3.2. Implementation Details

This subsection develops local PINN models to learn from sensor measurement data. Three specific points are selected in the damping-velocity ($c-v$) parameter plane (Figure 2a): $(c,v)=\{(2.0\times {10}^6,10),(2.25\times {10}^6,10),(2.5\times {10}^6,10)\}$. The remaining parameters are derived from Equation (25) in Section 2, while the magnitude of the moving load is adjusted to $P={10}^3\left(kN\right)$. A separate PINN model is constructed for each parameter point, yielding three models in total. Because damping ensures that the vertical displacement approaches zero far from the moving load, only finite-region displacement data near the load is required for testing. Here, 20 equidistant points and their displacements are sampled within a 5 m span upstream and downstream of the load, forming the model’s input dataset. The output predicts displacements at any coordinate in the domain. To emulate real-world measurement noise, Gaussian white noise (with a standard deviation of 1% of the analytical solution’s maximum amplitude) is superimposed on the analytical deflection values from Equations (27) and (28) to generate training data.

After preliminary exploration, we systematically optimize the neural network architecture by determining the optimal hyperparameters for hidden layers and neurons per layer. Six distinct network configurations are evaluated through comprehensive trial computations, with detailed specifications provided in

Table 1. Six distinct network configurations for the local PINN models.

The labeling of the network structure	${\mathit{S}}_1$	${\mathit{S}}_2$	${\mathit{S}}_3$	${\mathit{S}}_4$	${\mathit{S}}_5$	${\mathit{S}}_6$
The number of hidden layers	3	3	3	5	5	5
The number of neurons per layer	20	40	60	20	40	60

. The convergence characteristics of each configuration throughout the training process are illustrated in Figure 4.

Figure 4 demonstrates a consistent pattern: model accuracy improves with additional hidden layers, but at the cost of increased overfitting risk. Networks with more layers show greater oscillation during convergence, a characteristic sign of overfitting.
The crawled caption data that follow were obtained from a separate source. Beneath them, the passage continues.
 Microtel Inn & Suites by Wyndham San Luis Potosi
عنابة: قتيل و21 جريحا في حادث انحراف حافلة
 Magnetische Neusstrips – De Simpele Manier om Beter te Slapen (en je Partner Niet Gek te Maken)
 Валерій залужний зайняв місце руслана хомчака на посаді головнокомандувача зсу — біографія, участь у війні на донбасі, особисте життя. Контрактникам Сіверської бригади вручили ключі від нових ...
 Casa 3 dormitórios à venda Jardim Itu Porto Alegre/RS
Through systematic evaluation of convergence rate, oscillation magnitude, and prediction accuracy, we identify an optimal architecture of three hidden layers with 20 neurons each. This configuration achieves robust accuracy while maintaining stability and generalizability. For consistency, we employ this identical architecture (3 × 20 neurons) across all subsequent transfer learning and surrogate models.

All three local PINNs train using the Adam optimizer with an initial learning rate of 0.01. The 2000-iteration training process implements learning rate decay every 100 iterations, terminating when either (1) the learning rate decreases to ${10}^{-6}$ or (2) the validation loss remains unchanged for 100 consecutive iterations. This strategy effectively prevents overfitting. Figure 5 shows the models’ predicted deflection values at all three parameter points exhibiting excellent agreement with analytical solutions (Equations (27) and (28)), confirming high predictive accuracy.
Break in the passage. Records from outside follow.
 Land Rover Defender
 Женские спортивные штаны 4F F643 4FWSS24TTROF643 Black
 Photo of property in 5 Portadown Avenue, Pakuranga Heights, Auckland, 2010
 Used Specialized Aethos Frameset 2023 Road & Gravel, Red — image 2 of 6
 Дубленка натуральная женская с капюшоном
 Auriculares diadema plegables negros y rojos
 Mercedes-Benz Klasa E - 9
To more rigorously assess the model’s predictive accuracy, we employ the coefficient of determination ($R^2$) as an evaluation metric. The calculation formula is as follows:

$$R^2=1-{\displaystyle \frac{{\sum }_{i=1}^n{\left({\widehat{\sigma }}_i-{\sigma }_i\right)}^2}{{\sum }_{i=1}^n{\left(\overline{\sigma }-{\sigma }_i\right)}^2}}$$

(31)

where n: number of sample data points; ${\sigma }_i$: observed (true) values; ${\widehat{\sigma }}_i$: model-predicted values; $\overline{\sigma }$: mean of observed values; ${\sum }_{i=1}^n{\left({\widehat{\sigma }}_i-{\sigma }_i\right)}^2$: residual sum of squares (RSS), quantifying prediction errors; ${\sum }_{i=1}^n{\left(\overline{\sigma }-{\sigma }_i\right)}^2$: total sum of squares (TSS), measuring data variance. The coefficient of determination ($R^2$) evaluates model performance, $R^2\to 1$ indicates superior predictive accuracy, and $R^2\to 0$ reflects poorer performance.

Table 2. Prediction accuracy of the PINN models at different points in the parameter plane.

Points	Parameters	${\mathit{R}}^2$
1	$(c,v)=(2.0\times {10}^6,10)$	0.9997
2	$(c,v)=(2.25\times {10}^6,10)$	0.9995
3	$(c,v)=(2.5\times {10}^6,10)$	0.9994

presents the $R^2$ values for the PINN models when learning displacement data across three parameter points.

4. Augment Data Through Transfer Learning

Transfer learning has emerged as a powerful paradigm in deep learning, where knowledge gained from pre-trained models on source tasks is effectively transferred to improve performance on target tasks. This methodology offers two key advantages: (1) accelerated model convergence during target task training and (2) significant reduction in required training data volume. The transfer learning methodology employed in this study involves pre-training a PINN on a source domain. The resulting weights from the pre-trained model are then used to initialize the weights of the target-domain PINN. To retain learned features from the source domain, the shallow hidden layers of the target-domain PINN are frozen, preventing them from participating in backpropagation and parameter updates during subsequent training. Weight updates are confined to the deeper hidden layers, enabling fine-tuning of the target-domain model while leveraging pre-trained features. A schematic of this transfer learning process is illustrated in Figure 6.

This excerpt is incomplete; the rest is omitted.